Холодный пот выступил на лбу Самуила при чтении этих строк, но, сделав над собой усилие, он встал и про­тянул обе руки медиуму.

— Не нахожу слов благодарить вас. Вы оказали мне такую услугу, которую ничем нельзя вознаградить,— сказал он.— Вас тоже, барон, благодарю! Признаю себя побежденным! Доказательства о существовании жизни за гробом страшно меня поразили!

— Понимаю вас, мой юный друг. Подобный перево­рот в убеждениях нелегко дается,— отвечал барон, с участием глядя на расстроенное лицо банкира.— А те­перь простимся, Уже поздно, и вам нужен покой, чтобы перечитать сообщение и собраться с мыслями. А когда вы успокоитесь, заезжайте ко мне, и мы побеседуем.

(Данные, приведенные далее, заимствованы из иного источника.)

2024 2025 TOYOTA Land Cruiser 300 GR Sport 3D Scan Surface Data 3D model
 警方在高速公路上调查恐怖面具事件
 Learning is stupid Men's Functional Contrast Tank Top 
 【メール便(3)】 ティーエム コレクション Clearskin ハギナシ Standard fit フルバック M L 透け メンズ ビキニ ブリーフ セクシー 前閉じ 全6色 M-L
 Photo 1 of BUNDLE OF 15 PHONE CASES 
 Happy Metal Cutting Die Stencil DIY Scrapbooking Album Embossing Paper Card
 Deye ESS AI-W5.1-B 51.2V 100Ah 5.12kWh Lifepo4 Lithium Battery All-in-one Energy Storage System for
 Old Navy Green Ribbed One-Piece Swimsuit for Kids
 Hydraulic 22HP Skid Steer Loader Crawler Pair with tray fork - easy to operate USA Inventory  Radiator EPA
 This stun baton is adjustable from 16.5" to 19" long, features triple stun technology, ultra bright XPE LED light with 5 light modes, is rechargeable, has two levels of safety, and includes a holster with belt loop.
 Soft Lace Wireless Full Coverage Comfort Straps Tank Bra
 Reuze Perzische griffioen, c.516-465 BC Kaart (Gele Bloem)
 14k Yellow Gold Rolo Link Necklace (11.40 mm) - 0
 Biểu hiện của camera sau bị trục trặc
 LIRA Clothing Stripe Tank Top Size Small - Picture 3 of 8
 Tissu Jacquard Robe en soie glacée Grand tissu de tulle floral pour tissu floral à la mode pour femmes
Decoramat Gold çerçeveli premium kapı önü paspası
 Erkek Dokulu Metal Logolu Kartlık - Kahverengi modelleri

Проводив гостей, Самуил вернулся в свой кабинет и тяжело опустился в кресло перед своим бюро. Он вынул из кармана полученное послание, прочитал его несколь­ко раз, и убеждение все более и более укоренялось в его душе. Этот незнакомец, случайно попавший к нему, не мог так хорошо знать его тайну, подделать почерк отца его и запах духов. Нет, нет, несомненно с ним говорил дух его отца.

Взволнованный, как бы разбитый этими новыми впе­чатлениями, Самуил облокотился на стол, запустив ру­ки в свои черные кудри, и сразу сердце его тяжело за­ныло в стесненной груди.

— Значит то, что мыслит, страдает и возмущается во мне, это душа,— говорил он себе,— это нетленное «я», переживающее телесную смерть.

Он взял в руки лежащий на столе пистолет и осмот­рел его.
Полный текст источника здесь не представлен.